I am not a professionally trained chef, only a seasoned home cook. But brown butter sauce can be a bit tricky if you’re not familiar with the process and I wanted to share my experience with you.

BROWN BUTTER 101

  1. When it’s time to make the sauce, be ready to stay close by. It can come together quickly and if you step away, you risk burning the butter.
  2. The goal of a brown butter sauce is to heat the butter enough to evaporate the water, which will cause the solids to separate and toast. The toasted solids are how the brown color and nutty, rich flavor are developed.
  3. It’s best to use unsalted butter.
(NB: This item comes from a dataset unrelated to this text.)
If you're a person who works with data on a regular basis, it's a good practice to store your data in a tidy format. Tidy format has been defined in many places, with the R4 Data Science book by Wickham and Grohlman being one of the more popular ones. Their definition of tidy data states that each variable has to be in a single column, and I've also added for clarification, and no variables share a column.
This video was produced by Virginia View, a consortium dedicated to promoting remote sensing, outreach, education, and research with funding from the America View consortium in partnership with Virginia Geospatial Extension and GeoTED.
Because of the way the butter separates, the salt can become concentrated in the solids and ruin the flavor.
  4. I advise using a skillet with a light color interior, such as stainless steel or a light cast iron like Le Creuset. The key to the butter is watching the color, so a dark base will make it difficult to see the color changing. I like to make mine in a dutch oven which leaves plenty of room to toss the pasta in the butter sauce before serving.
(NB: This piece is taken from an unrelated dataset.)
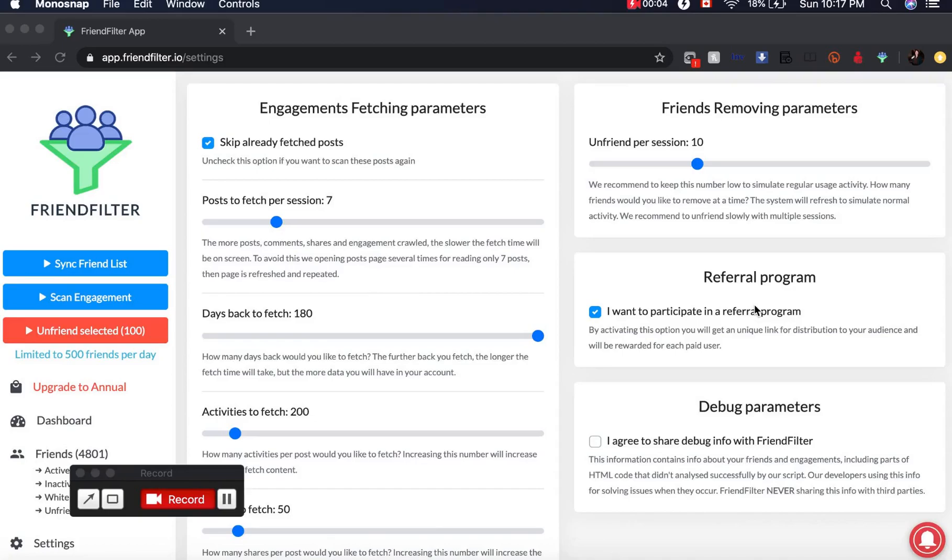Welcome back to my 20 apps for 2020. Today I'm going to show you a fairly new to me application.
  5. Cut the butter into smaller chunks before melting, 6-8 pieces. If you put the whole stick in, it won’t melt evenly and some butter may burn while the rest is still melting.
  6. Resist the urge to crank up the heat! You need the butter to foam, meaning the bubbles will release the water, but butter also burns easily. On a scale of 1 to 10, stay in the 3-6 range. If the color isn’t as deep as you’d like, add time, not heat.
  7. Watch the sauce! The butter solids will look like sand forming in the butter. In my experience, they’ll start to turn orange, then a rust color and finally a deeper red brown. As soon as you see this deeper brown color, remove the skillet from the heat. You do not want the solids to turn black!
  8. Keep stirring the sauce for another minute after you’ve pulled it from the heat. It will continue cooking off the heat and you want to be sure the solids don’t cook too long and become black.
  9. Trust your nose, when the sauce is brown and it smells rich and nutty, you’re all done!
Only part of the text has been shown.